Your SMS Privacy Rights. You have the right to: Access (request a copy of the SMS information we maintain about you), Correct (update your mobile phone number or communication preferences at any time), Delete (request deletion of your SMS information, subject to legal retention requirements), Opt-Out (withdraw consent and stop receiving SMS messages at any time), Restrict (choose which types of messages you receive, e.g., opt out of marketing while keeping security messages), and Object (object to processing of your SMS information for specific purposes). To exercise these rights, contact us at: compliance@nonstophealth.com, 1-877-626-6057, or 1800 Sutter St, Suite 730, Concord, CA 94520.

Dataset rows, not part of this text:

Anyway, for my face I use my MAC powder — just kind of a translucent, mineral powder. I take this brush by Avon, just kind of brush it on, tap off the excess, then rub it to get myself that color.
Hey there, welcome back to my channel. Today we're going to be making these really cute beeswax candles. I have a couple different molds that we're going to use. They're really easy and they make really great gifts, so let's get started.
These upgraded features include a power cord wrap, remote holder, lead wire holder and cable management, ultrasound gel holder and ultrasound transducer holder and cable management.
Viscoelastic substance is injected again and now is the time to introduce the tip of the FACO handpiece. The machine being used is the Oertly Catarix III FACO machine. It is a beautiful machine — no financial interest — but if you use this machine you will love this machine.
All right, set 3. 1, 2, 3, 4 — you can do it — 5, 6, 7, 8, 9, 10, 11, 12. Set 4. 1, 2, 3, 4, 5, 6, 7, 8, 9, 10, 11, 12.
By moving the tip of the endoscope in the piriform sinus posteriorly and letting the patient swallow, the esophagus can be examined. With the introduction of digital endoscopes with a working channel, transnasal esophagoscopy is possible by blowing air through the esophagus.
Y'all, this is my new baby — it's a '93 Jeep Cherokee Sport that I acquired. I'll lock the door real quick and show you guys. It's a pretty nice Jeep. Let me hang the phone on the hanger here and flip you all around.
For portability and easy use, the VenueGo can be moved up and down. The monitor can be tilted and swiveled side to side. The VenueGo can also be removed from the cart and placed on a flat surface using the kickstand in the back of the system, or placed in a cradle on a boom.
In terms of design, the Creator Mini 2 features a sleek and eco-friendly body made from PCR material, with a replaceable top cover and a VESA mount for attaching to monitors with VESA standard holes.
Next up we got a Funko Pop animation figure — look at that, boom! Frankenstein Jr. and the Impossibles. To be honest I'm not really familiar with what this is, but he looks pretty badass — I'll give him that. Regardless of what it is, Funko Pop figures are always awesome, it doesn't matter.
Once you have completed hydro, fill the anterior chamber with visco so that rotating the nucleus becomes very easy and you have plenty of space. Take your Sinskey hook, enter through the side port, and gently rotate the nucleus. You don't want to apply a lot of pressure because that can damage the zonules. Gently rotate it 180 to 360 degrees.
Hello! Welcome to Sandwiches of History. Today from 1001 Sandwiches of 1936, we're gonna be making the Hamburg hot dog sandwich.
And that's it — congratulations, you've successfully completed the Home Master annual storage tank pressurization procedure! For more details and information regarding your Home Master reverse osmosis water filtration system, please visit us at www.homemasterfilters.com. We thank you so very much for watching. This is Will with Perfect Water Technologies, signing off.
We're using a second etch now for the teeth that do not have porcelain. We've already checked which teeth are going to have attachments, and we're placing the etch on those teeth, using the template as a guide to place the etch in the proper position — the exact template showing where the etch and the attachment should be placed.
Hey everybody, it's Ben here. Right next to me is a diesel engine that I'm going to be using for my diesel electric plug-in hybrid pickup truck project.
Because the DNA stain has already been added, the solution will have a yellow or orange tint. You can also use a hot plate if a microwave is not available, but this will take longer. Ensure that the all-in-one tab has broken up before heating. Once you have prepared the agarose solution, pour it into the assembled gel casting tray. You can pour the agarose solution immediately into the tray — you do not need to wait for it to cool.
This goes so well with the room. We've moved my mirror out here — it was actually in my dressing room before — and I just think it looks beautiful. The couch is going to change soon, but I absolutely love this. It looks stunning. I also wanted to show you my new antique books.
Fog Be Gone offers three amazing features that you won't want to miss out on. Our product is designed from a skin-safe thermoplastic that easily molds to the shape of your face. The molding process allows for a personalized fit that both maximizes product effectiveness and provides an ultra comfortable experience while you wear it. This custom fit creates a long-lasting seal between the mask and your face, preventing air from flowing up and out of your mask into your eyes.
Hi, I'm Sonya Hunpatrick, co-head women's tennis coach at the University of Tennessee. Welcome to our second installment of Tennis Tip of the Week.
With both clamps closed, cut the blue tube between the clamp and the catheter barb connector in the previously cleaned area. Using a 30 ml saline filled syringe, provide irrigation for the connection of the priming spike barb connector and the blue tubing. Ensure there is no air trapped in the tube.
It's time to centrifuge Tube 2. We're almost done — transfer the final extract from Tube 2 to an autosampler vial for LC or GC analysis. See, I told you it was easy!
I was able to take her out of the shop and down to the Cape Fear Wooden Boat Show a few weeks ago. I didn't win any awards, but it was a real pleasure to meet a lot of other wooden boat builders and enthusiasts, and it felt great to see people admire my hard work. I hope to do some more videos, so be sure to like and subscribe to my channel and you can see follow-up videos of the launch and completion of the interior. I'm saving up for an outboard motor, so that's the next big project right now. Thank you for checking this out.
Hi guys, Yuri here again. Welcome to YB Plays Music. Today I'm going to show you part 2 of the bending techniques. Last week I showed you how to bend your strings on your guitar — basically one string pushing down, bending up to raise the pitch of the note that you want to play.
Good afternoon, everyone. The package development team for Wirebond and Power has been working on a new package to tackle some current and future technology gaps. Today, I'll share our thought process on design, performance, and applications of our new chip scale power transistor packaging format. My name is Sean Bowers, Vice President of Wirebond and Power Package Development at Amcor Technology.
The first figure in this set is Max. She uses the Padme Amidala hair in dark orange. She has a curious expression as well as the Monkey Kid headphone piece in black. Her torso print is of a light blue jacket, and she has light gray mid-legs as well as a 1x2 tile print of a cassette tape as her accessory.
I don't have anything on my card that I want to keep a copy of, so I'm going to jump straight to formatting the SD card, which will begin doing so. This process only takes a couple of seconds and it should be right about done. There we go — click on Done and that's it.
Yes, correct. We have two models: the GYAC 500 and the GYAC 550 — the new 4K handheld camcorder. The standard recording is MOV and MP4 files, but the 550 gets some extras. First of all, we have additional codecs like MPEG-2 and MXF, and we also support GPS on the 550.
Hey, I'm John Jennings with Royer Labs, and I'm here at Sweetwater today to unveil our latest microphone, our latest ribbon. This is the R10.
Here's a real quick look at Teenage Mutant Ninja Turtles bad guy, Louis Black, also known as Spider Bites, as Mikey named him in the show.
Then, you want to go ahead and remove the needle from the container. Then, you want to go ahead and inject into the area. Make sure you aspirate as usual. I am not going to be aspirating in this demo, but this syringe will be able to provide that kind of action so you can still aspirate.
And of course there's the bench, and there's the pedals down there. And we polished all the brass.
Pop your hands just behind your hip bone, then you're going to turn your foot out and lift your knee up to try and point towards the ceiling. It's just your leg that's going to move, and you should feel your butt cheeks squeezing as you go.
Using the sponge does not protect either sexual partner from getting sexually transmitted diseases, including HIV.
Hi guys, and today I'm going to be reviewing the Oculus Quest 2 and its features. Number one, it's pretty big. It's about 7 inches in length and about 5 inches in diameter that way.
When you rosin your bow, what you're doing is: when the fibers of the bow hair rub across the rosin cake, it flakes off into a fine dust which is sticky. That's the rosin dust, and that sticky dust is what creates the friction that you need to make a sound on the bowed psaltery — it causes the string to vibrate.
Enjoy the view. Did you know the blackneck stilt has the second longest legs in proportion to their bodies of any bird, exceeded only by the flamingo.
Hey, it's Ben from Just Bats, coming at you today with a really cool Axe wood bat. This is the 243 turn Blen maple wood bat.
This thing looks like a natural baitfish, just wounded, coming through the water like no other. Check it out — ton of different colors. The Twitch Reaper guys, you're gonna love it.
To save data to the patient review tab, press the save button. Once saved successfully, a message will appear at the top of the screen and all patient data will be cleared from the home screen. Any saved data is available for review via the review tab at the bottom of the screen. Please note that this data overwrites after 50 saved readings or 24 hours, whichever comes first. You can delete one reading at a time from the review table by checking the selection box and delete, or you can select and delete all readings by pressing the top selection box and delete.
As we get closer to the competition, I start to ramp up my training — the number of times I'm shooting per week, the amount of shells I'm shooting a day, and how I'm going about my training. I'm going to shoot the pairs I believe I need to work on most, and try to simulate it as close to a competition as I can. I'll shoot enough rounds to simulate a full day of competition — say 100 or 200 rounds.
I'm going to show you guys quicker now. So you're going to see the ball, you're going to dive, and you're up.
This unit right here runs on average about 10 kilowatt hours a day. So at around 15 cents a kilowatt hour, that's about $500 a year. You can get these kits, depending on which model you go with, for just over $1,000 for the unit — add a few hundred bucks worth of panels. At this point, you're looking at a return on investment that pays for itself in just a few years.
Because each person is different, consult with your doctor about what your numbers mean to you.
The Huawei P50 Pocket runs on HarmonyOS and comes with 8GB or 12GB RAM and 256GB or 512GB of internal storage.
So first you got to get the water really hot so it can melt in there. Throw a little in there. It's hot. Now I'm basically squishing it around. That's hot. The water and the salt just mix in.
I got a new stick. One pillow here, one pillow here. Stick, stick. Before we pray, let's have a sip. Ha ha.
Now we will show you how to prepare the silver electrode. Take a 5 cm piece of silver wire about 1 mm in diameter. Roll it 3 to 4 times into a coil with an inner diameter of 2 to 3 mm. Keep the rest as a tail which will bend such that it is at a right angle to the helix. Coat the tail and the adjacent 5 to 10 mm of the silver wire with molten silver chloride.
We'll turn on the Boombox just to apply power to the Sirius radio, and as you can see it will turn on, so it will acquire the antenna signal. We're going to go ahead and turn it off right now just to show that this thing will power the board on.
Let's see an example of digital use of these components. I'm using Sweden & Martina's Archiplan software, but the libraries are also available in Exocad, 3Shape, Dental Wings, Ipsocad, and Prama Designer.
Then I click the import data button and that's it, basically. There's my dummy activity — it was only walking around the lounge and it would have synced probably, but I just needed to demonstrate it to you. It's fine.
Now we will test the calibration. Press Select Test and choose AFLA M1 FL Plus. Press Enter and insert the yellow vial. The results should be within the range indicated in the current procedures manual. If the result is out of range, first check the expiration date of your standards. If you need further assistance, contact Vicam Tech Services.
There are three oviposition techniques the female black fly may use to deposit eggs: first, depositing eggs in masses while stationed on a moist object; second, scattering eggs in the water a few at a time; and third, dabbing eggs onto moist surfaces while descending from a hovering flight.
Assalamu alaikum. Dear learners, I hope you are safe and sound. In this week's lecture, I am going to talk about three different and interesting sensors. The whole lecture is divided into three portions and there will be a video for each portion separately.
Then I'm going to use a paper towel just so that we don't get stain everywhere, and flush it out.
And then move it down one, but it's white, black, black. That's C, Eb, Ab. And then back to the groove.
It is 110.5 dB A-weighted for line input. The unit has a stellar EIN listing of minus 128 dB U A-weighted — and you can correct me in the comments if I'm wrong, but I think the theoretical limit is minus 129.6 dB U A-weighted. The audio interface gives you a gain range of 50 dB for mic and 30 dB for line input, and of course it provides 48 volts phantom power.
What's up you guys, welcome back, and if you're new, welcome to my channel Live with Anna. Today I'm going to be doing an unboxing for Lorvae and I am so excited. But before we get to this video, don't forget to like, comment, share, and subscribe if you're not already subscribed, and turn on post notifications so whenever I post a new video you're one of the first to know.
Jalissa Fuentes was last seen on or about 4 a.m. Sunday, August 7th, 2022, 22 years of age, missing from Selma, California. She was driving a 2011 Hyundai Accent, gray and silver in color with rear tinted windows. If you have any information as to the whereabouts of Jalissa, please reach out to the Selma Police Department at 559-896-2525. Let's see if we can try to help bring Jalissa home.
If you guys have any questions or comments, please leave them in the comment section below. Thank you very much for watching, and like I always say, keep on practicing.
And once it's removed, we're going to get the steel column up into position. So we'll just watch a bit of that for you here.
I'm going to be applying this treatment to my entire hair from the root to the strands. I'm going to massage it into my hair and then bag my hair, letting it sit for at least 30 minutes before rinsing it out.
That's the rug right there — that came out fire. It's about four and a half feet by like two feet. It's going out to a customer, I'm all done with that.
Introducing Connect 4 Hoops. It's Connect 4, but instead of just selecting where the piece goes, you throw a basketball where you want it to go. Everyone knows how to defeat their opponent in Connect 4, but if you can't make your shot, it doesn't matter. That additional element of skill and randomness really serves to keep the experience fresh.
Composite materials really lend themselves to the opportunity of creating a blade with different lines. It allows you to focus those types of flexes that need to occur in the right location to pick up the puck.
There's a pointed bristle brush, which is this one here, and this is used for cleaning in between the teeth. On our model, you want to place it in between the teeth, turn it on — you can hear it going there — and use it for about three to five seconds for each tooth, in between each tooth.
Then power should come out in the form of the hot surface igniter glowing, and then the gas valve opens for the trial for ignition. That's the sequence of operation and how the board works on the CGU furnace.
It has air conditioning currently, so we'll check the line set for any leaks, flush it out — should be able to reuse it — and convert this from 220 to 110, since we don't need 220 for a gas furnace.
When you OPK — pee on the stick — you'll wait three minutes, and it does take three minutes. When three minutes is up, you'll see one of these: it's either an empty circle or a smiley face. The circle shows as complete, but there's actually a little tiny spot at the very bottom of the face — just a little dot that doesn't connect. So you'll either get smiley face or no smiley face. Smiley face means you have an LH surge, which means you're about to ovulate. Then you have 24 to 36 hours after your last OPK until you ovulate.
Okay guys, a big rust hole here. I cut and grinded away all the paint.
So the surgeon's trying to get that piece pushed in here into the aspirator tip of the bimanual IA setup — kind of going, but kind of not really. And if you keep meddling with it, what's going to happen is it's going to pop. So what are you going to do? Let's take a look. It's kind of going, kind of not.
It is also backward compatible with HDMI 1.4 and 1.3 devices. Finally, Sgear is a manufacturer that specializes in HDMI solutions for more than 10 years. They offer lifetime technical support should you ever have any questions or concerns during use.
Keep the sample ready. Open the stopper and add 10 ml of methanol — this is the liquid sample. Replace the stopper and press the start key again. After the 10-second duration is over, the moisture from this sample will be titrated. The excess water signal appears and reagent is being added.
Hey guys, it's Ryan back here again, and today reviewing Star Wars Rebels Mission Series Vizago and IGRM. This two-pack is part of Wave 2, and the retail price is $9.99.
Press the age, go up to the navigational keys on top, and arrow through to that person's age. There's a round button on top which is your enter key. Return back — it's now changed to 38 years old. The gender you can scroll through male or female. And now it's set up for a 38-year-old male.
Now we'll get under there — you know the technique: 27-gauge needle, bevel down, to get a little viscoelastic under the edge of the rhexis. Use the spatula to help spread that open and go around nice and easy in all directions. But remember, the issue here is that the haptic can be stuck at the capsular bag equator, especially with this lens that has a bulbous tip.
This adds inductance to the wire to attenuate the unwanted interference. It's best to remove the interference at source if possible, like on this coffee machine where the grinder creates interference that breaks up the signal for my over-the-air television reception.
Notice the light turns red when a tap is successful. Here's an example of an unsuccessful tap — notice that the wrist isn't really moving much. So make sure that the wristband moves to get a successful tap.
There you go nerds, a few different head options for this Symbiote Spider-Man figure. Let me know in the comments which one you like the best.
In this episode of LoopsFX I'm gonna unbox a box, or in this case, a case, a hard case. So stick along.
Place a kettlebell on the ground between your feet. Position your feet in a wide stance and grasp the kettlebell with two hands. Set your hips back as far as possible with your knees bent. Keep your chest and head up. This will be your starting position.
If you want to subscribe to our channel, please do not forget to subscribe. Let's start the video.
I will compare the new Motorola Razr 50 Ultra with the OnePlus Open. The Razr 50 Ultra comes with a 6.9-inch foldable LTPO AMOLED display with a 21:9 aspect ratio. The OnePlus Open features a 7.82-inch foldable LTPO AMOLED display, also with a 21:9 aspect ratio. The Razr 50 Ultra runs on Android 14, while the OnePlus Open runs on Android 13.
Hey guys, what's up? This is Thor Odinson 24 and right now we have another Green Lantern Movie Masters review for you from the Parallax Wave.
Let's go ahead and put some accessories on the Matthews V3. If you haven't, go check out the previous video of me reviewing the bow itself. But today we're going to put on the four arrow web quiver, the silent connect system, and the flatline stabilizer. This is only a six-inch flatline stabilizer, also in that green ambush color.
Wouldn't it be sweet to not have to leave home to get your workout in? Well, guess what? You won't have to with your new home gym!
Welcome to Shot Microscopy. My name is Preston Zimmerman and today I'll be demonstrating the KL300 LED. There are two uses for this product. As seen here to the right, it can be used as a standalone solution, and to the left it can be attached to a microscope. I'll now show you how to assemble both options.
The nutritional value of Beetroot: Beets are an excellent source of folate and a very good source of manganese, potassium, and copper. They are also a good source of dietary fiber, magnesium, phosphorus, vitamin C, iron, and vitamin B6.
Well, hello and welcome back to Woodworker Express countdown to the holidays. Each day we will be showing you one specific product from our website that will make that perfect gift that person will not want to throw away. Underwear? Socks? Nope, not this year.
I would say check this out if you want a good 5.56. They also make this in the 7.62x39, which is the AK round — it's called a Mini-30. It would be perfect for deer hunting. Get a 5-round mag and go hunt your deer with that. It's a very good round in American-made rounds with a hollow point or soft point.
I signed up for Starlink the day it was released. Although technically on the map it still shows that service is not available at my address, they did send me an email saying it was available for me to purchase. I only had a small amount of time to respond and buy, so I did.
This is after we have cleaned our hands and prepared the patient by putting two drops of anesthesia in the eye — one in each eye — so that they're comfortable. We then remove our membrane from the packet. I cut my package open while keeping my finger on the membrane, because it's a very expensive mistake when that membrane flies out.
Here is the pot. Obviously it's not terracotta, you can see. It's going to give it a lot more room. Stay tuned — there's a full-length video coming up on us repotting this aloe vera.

Updates to SMS Privacy Practices. We may update our SMS privacy practices to reflect changes in: legal requirements or regulatory guidance, SMS technology and service providers, or our messaging programs and offerings. We will notify you of material changes through: SMS notification to your registered phone number, email notification to your registered email address, or notice on our website. Continued use of SMS services after changes constitutes acceptance of updated practices.

Questions About SMS Privacy. If you have questions about how we handle SMS information, please contact: General inquiries (clientsupport@nonstophealth.com), Privacy questions (compliance@nonstophealth.com), or Opt-out support (Text STOP to any message or email clientsupport@nonstophealth.com).

MOBILE APPLICATION

Information We Collect Through the Mobile App. When you download and use the Nonstop Health mobile application ("Mobile App"), we may collect and process the following information in addition to the information described elsewhere in this policy:

Device Information: Device type, model, and manufacturer; operating system and version; unique device identifiers (including Apple IDFA on iOS and Google Advertising ID on Android, subject to your device privacy settings); app version; mobile network information; and device language and time zone.

App Usage and Diagnostics: Features and screens accessed, session duration, in-app navigation, crash reports, and diagnostic data used to maintain and improve app performance. We use third-party analytics platforms to collect this data. These platforms do not capture session recordings or Protected Health Information through our implementation. This data is not linked to your identity.

Push Notification Token: A unique identifier assigned by Apple (APNs) or Google (FCM) used solely to route push notifications to your device.

Device Permissions. Depending on the features you use, the Mobile App may request access to the following device functions:

• Biometric Authentication (Face ID / Touch ID / Fingerprint): If you enable biometric login, your biometric data is processed entirely on your device by Apple's or Google's native security frameworks. Nonstop Health does not access, store, or transmit your biometric data.
• Camera: Required only if you use document upload or identity verification features. Camera access is only active when you initiate such a feature.
• Push Notifications: Required to send health alerts, appointment reminders, security codes, and other service notifications. You may enable or disable push notifications through your device settings at any time.
• Local Device Storage / Keychain: Used to securely store session credentials and temporarily cache data for app performance.
• Locally stored data is encrypted at rest using platform-standard encryption (AES-256 or equivalent).
• Sessions automatically time out after a period of inactivity and require re-authentication.
• Screens displaying Protected Health Information (PHI) may prevent screenshots to reduce the risk of inadvertent disclosure.
• You may de-register your device from your account settings at any time, which will clear locally cached data upon the next app launch.

You may revoke any device permission at any time through your device operating system settings. Revoking certain permissions may limit the functionality of specific features within the Mobile App.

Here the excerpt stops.